Understanding the business goal.
As healthcare organizations across the United States and Canada adopted the platform to access patient data and clinical workflows within ecosystems connected to thousands of healthcare institutions across North America, we focused on understanding how clinicians interacted with fragmented patient information in real-world scenarios.
The goal was to improve usability, reduce cognitive load, and enable scalable adoption across complex healthcare environments.
Objectives
Identify real usage and behavioral patterns among clinical professionals.
Reduce friction when navigating fragmented clinical data.
Improve clarity and speed across critical healthcare workflows.
Enable scalable adoption across clinics, laboratories, and hospitals.
Insight & Pain point
Through UX Research sessions, interviews, and usability testing with healthcare providers and organizations integrated into the healthcare ecosystem, we identified a critical gap in how clinicians interacted with patient data.
While professionals valued having access to comprehensive clinical information, the experience became fragmented and difficult to navigate in high-pressure scenarios, especially during emergency situations or critical diagnoses.
Instead of navigating across multiple modules — each with its own filters and structures — clinicians needed a single, integrated view that allowed them to quickly understand the patient’s context.
One key insight emerged during the research:
Clinicians do not explore information broadly during critical moments — they focus on a specific condition or diagnosis.
For example, during a cardiac event, clinicians need immediate access to all relevant information — including labs, medications, clinical encounters, and vital signs — connected to that diagnosis, without constantly switching contexts.

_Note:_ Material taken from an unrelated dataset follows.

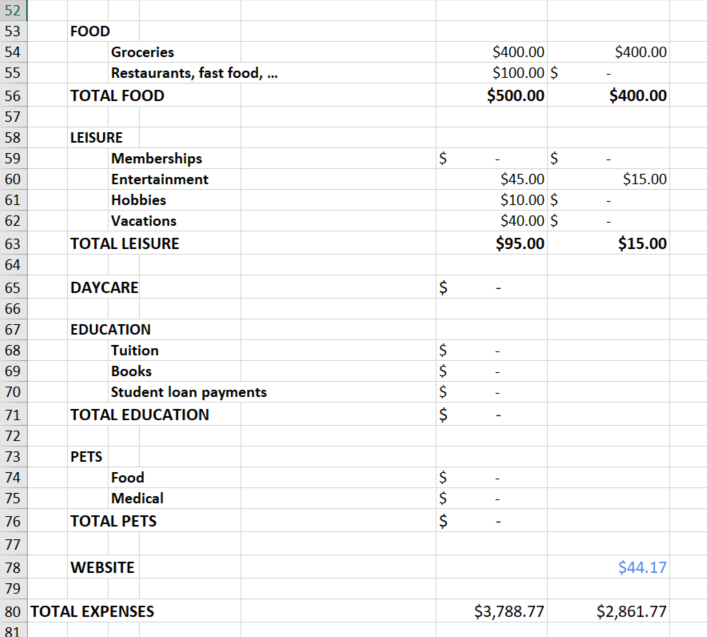 This is an image of Jeff's budget that includes his expenses related food, leisure, daycare, Education and pets .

Approach (Design Thinking)
1. UX sessions and stakeholder alignment.
We collaborated with clinical professionals, Product Managers, and business stakeholders to observe real-world workflows, understand user behavior patterns, and identify key pain points across the experience.
2. Journey Mapping and workflow analysis.
We mapped how providers accessed, interpreted, and navigated across multiple clinical data sources to identify friction points, context switching, and opportunities for optimization.
3. Research synthesis and pain point identification.
Based on research analysis and workflow evaluation, we identified the main friction points:
High cognitive load
Fragmented clinical information views
Lack of visual hierarchy and contextual clarity
Complex navigation across modules and filters
4. Rapid prototyping and iteration.
We explored different interaction models through wireframes, prototypes, and iterative user validations to evaluate clarity, efficiency, and usability within critical clinical scenarios.

Designing the experience.
Solution
HumanGraph introduce una representación visual y conectada de los datos clínicos del paciente:
Clarity over density → Simplifying complex datasets
Contextual navigation → Grouping related information together
Progressive disclosure → Displaying detailed information only when needed
Systems thinking → Aligning the experience with the design system to ensure scalability
Primera iteración — vista integrada
Second iteration — implementation of contextual filters by:
Physician
Source (Clinic / Laboratory / Hospital)
Diagnosis
Performed study (Laboratory section)

Outcome
Clinicians can now enter the experience with a specific focus and instantly access all relevant information in a single place, enabling faster understanding and more efficient, confident decision-making during critical moments.
Impact
Optimized clinical interpretation → Reduced cognitive load through a more contextual and integrated experience.
High module adoption → Increased engagement and recurring usage by more than 80%.
Ecosystem scalability → Supported large volumes of data and multiple interoperable sources.